What about Bilbo Baggins, who came back to the Shire after a year of constant travel and danger, who can't sleep without sting in arms reach and has the words of a dying king echoing in his ears?
Bilbo, who said ‘there and back again’ like that was something you could do— like when you came home the lilac tree in the backyard wouldn’t have withered, like the children wouldn’t have learned new games, like you wouldn’t feel like a stranger in the carved halls of your home.
Bilbo’s father had built this little hobbit hole for Bilbo’s mother and it had been an act of love. Bilbo came home and it was an act of surrender and victory all at once. The next time he went to market, he forgot a pocket handkerchief and the whole pub murmured shock when he admitted it. Bilbo looked at them—round faces, apple-cheeked and accusatory, curious. Then he wiped his nose on his sleeve, grabbed his tomatoes, and walked away.

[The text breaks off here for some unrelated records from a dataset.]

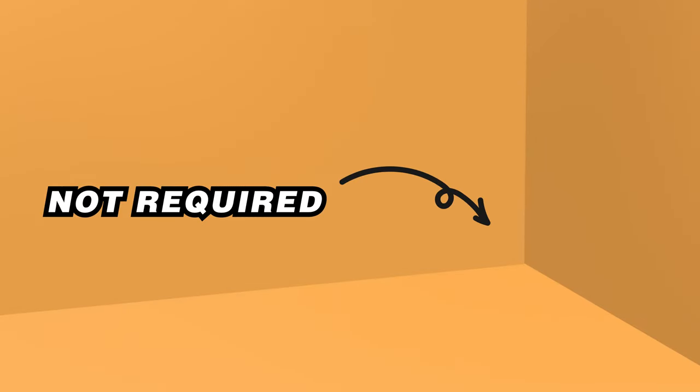Hello everyone, it's Karen here. Welcome to my channel. Today I'm going to show you how I DIY a landmine base unit for one-inch weight plates and one-inch barbell, completely free. You can find everything at home and you don't need to buy anything. And by the way, it doesn't require a corner.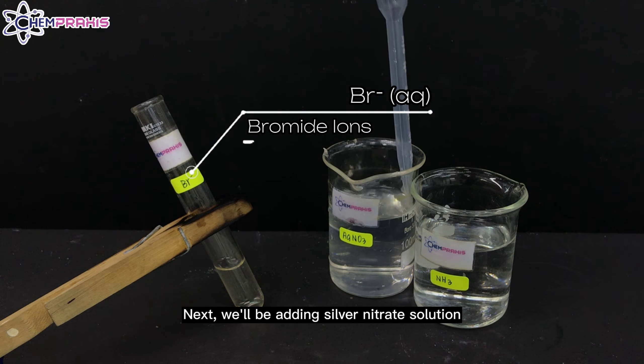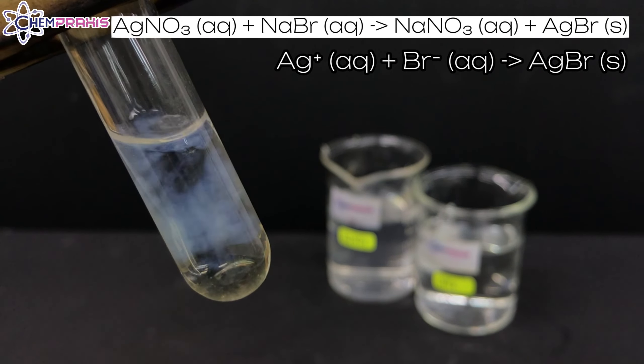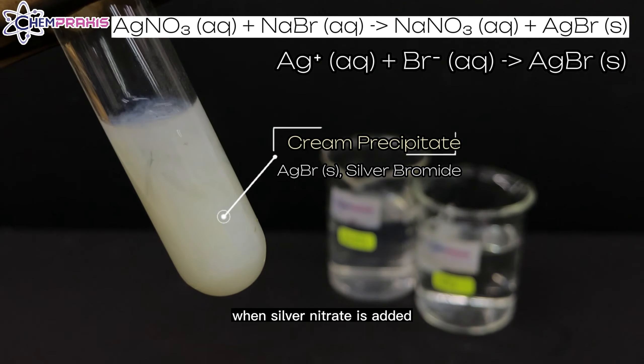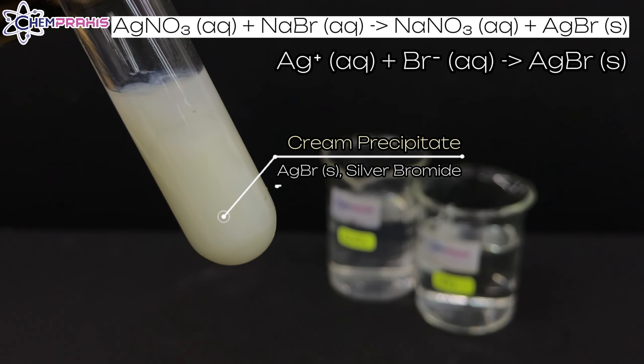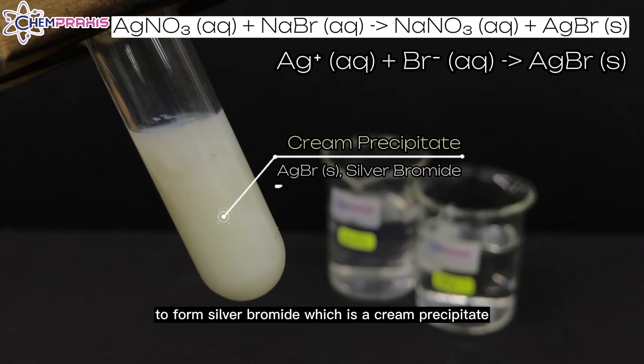Next, we will be adding silver nitrate solution to the bromide ion solution. When silver nitrate is added, a cream precipitate forms. The silver ion reacts with the bromide ions to form silver bromide, which is a cream precipitate.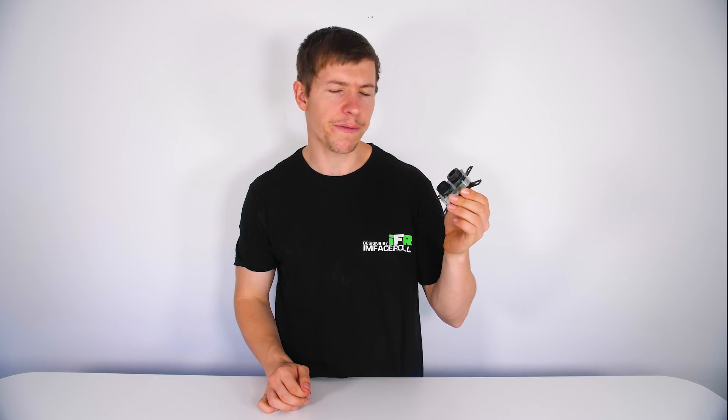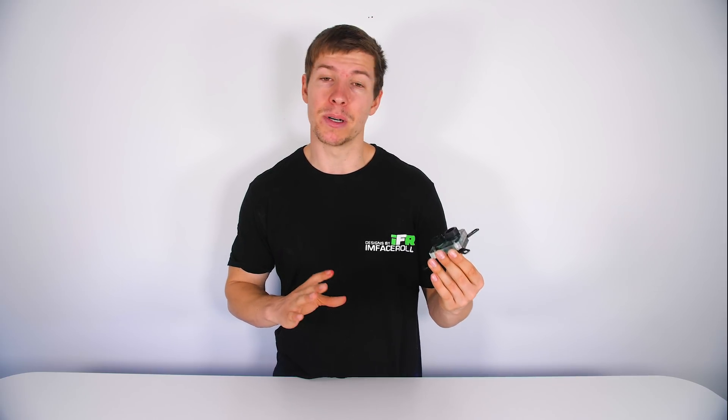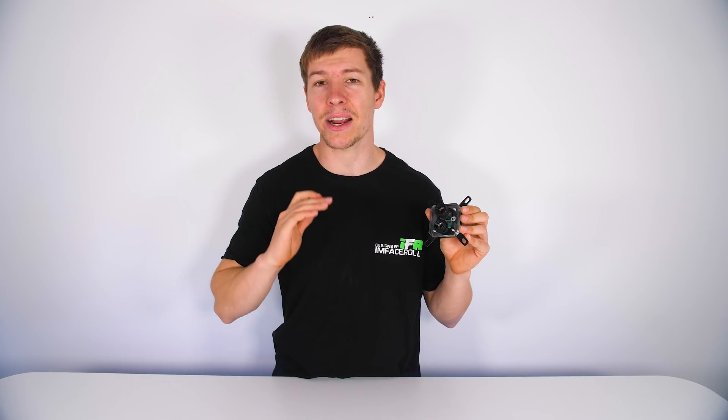So here I have our water block. It's fairly dirty and does have a build-up of material in it. It has been in a system for the past couple of months and I want to open it up and see what we have inside. It is clear there is a bit of build-up on the inside as it is plexi and we can see through it. Keep in mind this water block is actually copper nickel plated.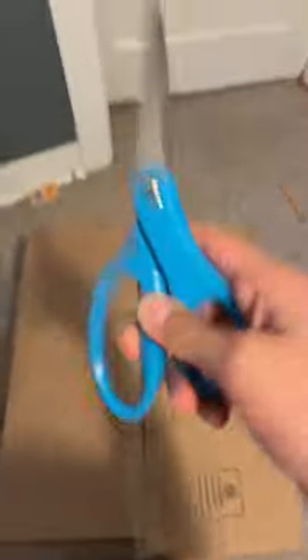Okay, after you're done with that, you have to grab yourself a pair of scissors. Then you're gonna have to cut the shape out like that, and then cut out the bottom part of it like this.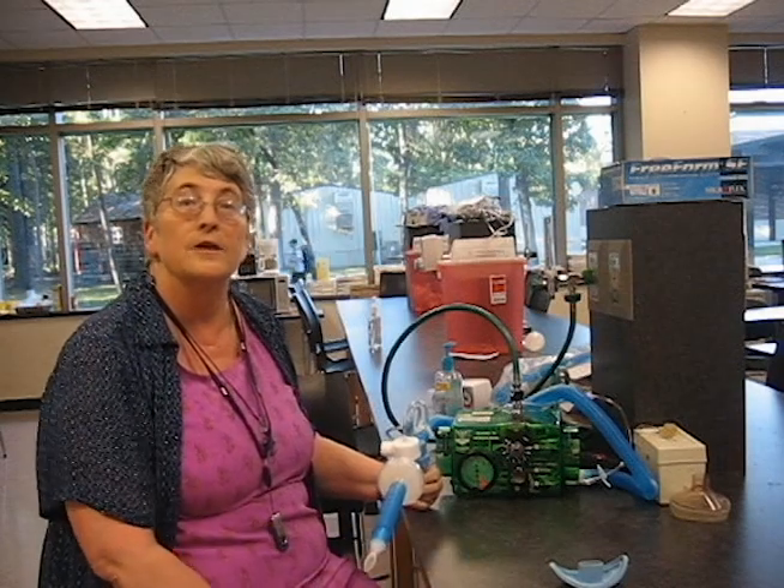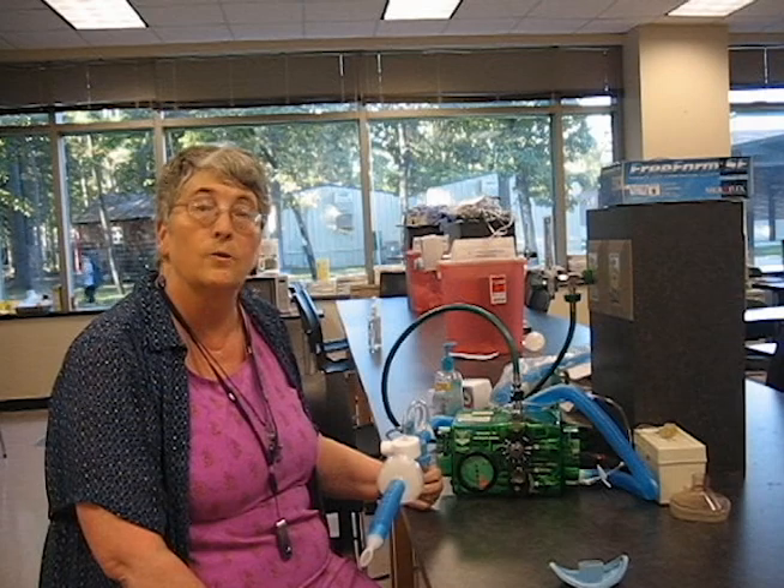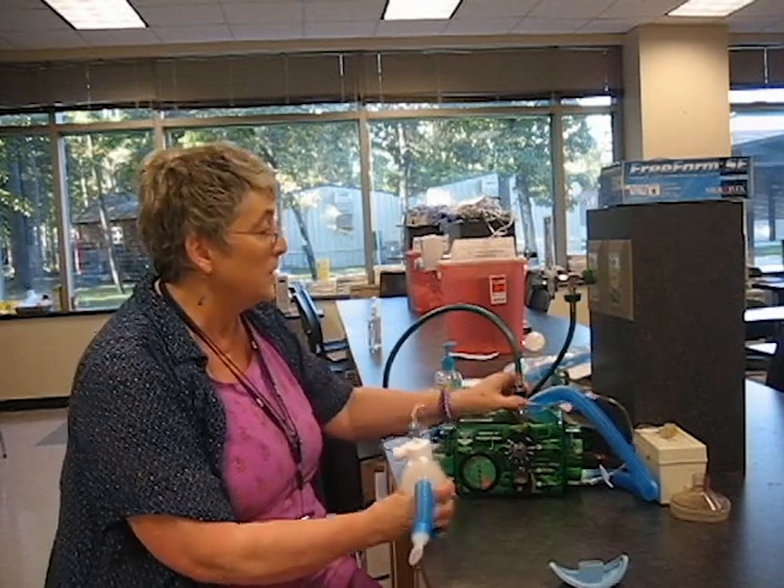Hi, I'm Kelly Busby with Kingwood College, and we're talking about IPPB. The earlier film talked about how to give a treatment correctly. I'm going to show you what the patient can do to make the treatment incorrect.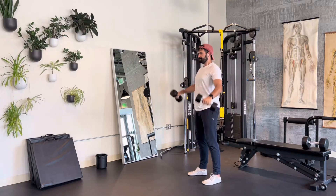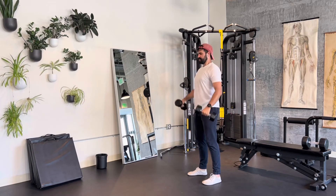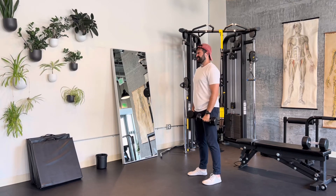So every lateral raise, which is to the side, and every front raise equals one rep. So think of it as you will, and you will get the rep recommendation. And yeah, enjoy this one. It's very spicy.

Bilbo had been unconscious through so much of that last battle, and now he couldn’t sleep at all. He was glad to be home, with his soft bed and his stocked pantry. “Happy to be back,” he told the neighbors, shaking hands with jolly cheer, and went on long, solitary walks but could never get quite far enough for his legs to ache properly. He tangled into in his soft blankets, smothering, and then threw all the shutters open and slept curled up on the window seat with his old once-green cloak, pretending he wasn’t alone on this cold night.
Yes, let’s talk about Bilbo, who titled his red book ‘there and back again’ because he knew you couldn’t ever come back, not really. Writing is sometimes like wishing. When he pressed his book in Frodo’s hands, decades later, Bilbo was giving him the heart of a foolish, stuffy young hobbit. He was giving him Fili, and Kili, and Thorin, and he trusted their story to be safe in Frodo’s small hands. But that was years from now, from this little bachelor who woke from dreams where he could hear spiders coming for him.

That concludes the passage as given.